Investors in both India and China are becoming increasingly wary of inflation and are buying gold items to hedge inflation risk.
Author: Shivom Seth
Interest in gold from individual investors, particularly in India and China has risen significantly in the last few years.
Metals consultancy GFMS Ltd noted in its Gold Survey 2011, that investors across the globe accounted for 19% of the world’s 166,600 tonnes of gold last year.
But questions remain about exactly how such investment will play out given the massive uncertainties at work in the world economy.
Part of the reason for this is continued concern about the global economy and, in particular the massive debt burden being borne by the US, Japan and Europe.
On Wednesday, April 13, the US dollar index was up 0.14% after President Barack Obama outlined an ambitious budget plan calling for $4 trillion in cuts over 12 years.
Gold kept rising tentatively in the international market, and rose further in India on Thursday morning but, analysts maintain that gold will look to Friday’s inflation readings out of the US and China for further direction.
Traders added that China is set to implement a prudent monetary policy ranging from rate hikes to higher reserve requirements.
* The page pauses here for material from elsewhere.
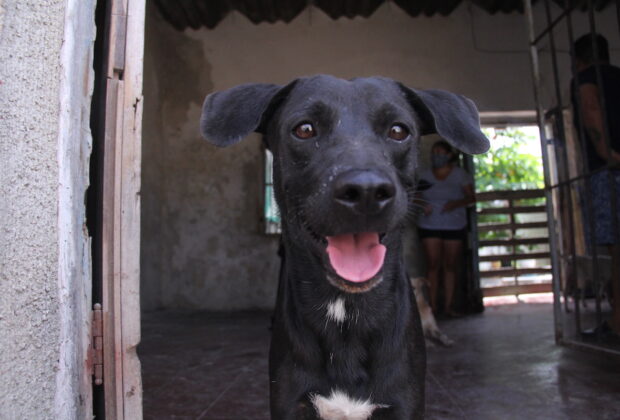 Perros progreso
Given that China could tighten its money supply, the next week would be a testing time for gold, analysts have said.
On April 5, China’s central bank raised interest rates for the fourth time since October 2010, indicating the Asian major’s urgent need to control rising inflation.
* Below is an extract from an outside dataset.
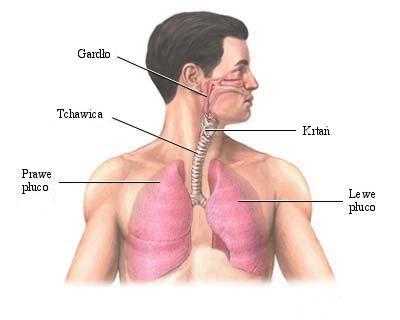 2. Układ oddechowy człowieka Przedmiotem badań w niniejszej pracy jest metoda pomiarowa stosowana w diagnostyce układu oddechowego człowieka.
Bullion analyst in a brokerage firm in Mumbai, Shailendra Shah said that a new report is expected from China soon, which will indicate the inflation rate in March, industrial output and first quarter economic growth figures.
“This will let us know how Beijing will continue with its policy measures and will also give us an indication of the way ahead for the price of gold,” he said.
A Vaidya, analyst with broking firm Religare Securities told Mineweb that in January 2010, China had recorded an inflation rate of around 1.5%. Some 12 months later, the scenario had changed drastically, with the rate of Chinese inflation climbing to 4.9%.
“The Chinese government has tried to curb the inflation via several measures. One has to understand how this is affecting the movement of gold on the international bourses,” said Vaidya.
He noted that China’s largest bank had started a physically-backed gold savings account in December 2010, aided by the World Gold Council. Account openings have reportedly surpassed 1 million, with more than 12 tonnes of gold having being stored on behalf of investors.
That interest for gold is high in China was also supported by a UBS AG report, that noted purchases by China had increased to 200 tonnes in the first two months of 2011. The nation imported more than 300 tonnes last year.
ICBC, the world’s largest bank by market value, sold about 7 tonnes of physical gold in January 2011, which was nearly half the 15 tonnes of bullion sold in the whole of 2010.
Zhou Ming, deputy head of ICBC’s precious metals department was quoted as saying that China’s largest bank had sold nearly 250,000 ounces of physical gold in January 2011, which was equivalent of 50% of all the bullion ICBC sold last year.
“This is a clear indication that Chinese investors have a voracious appetite for gold. Even the World Gold Council has estimated that China’s gold demand could double in 10 years as more investors embrace the precious metal,” Vaidya added.
That is not to say that India is lagging behind. India’s consumption of gold may well climb to rival that of China, said analysts.
Though global demand rose by 11% to 2,017 tonnes last year, the GFMS has noted that interest from Western consumers was mainly confined to wedding rings.
“The vast majority of demand for jewellery is coming from India and East Asia. If you exclude India from the figures, the increase in demand last year was only 2%, and most of that came from China,” the GFMS official said.
The jewellery sector has shown the strongest recovery in 2010, with annual demand surging to 299 tonnes, which is 17% higher than in 2009. Indian jewellery demand rose 69% during the year to 746 tonnes, while China’s jewellery demand reached a new annual record of 400 tonnes.
India and China represent 40% of world consumption.
Paul Walker, chief executive officer of GFMS reportedly said that in India, a huge amount of demand is a cultural and social imperative. In China, on the other hand, the imperative around weddings is not that strong, he said.
India’s total demand exceeded China’s by 383.5 tonnes last year, narrowing from 496.5 tonnes in 2001, the GMFS data has shown. The report has also noted a growing shift toward physical gold by small investors, all of which will ensure that investment in the precious metal will be more solid in the coming months and less prone to short-term selloffs.